偶然が重なって生まれた“魔弾”の真相
「消える銃弾」(シーズン2 第4話)
ゲスト俳優:下條アトム
【注目ポイント】
Season2のエピソード「消える銃弾」は、一見すると現実離れしたトリックだが、偶然の連鎖が重なったことで成立したという点で、非常に興味深い物語である。
事件の発端は、銃弾が見つからず、銃声も硝煙反応も検出されないという不可解な連続狙撃事件。まるで人知を超えたかのような状況に、特命係の杉下右京たちも困惑を隠せない。

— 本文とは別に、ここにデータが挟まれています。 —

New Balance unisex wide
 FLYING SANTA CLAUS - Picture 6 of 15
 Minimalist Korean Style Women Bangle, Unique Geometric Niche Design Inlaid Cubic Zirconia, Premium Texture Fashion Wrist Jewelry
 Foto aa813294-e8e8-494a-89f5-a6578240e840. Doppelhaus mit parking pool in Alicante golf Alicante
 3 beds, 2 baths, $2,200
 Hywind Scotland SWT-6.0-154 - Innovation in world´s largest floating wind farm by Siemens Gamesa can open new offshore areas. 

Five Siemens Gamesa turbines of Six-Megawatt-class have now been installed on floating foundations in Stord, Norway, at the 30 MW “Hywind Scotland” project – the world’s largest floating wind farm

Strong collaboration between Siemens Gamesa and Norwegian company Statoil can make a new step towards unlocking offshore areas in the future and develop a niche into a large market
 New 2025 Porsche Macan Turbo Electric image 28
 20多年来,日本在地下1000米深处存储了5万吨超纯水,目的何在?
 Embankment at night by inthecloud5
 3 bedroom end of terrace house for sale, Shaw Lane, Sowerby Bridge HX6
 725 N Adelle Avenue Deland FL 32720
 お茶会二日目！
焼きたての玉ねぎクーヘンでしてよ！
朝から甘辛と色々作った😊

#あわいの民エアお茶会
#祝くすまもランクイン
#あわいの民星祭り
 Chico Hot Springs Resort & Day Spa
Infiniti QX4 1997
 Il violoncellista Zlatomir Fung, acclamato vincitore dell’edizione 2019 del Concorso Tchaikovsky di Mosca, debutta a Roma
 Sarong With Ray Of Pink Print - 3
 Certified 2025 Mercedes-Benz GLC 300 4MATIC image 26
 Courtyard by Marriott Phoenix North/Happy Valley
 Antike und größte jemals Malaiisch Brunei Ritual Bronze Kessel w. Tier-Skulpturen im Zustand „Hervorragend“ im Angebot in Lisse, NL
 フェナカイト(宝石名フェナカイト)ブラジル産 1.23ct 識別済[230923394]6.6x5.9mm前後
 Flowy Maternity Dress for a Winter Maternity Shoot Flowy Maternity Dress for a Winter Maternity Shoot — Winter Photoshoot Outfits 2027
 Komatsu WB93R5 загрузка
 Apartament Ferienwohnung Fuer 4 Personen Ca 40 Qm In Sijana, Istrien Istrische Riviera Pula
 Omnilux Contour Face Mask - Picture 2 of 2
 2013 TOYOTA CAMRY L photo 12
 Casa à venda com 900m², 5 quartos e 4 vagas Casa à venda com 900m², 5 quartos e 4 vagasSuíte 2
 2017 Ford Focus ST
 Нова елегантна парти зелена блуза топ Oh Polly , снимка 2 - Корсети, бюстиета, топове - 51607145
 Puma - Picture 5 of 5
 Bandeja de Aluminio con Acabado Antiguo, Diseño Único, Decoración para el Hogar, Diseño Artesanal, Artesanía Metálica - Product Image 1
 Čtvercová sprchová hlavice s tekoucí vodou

犯人は、かつて自殺に追い込まれた青年・孝一を慕っていた弁当屋の店員・晴美(氏家恵)。彼女は孝一の父親がかつて密かに作っていた改造銃を盗み出し、その銃で復讐を実行に移していた。銃は特殊な空気圧式の仕組みを持つコンデンサー型で、発砲音がほとんどなく、硝煙反応も出ないため、従来の捜査では手がかりがまったく掴めなかった。
さらに特筆すべきは、晴美が使用していた“弾丸”が、なんとスペアリブの骨だったという点だ。骨は着弾と同時に粉砕され、人体に混ざってしまったため、通常の検死では銃弾として認識されず、まさに“消えた銃弾”となったのである。
作り手である孝一の父も、撃ち手である晴美自身も、そんな結果になるとは予想していなかった。だが、その“想定外”がかえって事件を複雑化させ、特命係を翻弄する魔弾となった。この構造が生むリアリティとサスペンスは、視聴者に強い印象を残す。
さらにこの回は、現在もレギュラーメンバーとして活躍する捜査一課の芹沢刑事が初登場するエピソードでもある。シリーズを追い続けるファンにとっては、物語としての完成度だけでなく、キャラクターの歴史を語る上でも重要な一話と言えるだろう。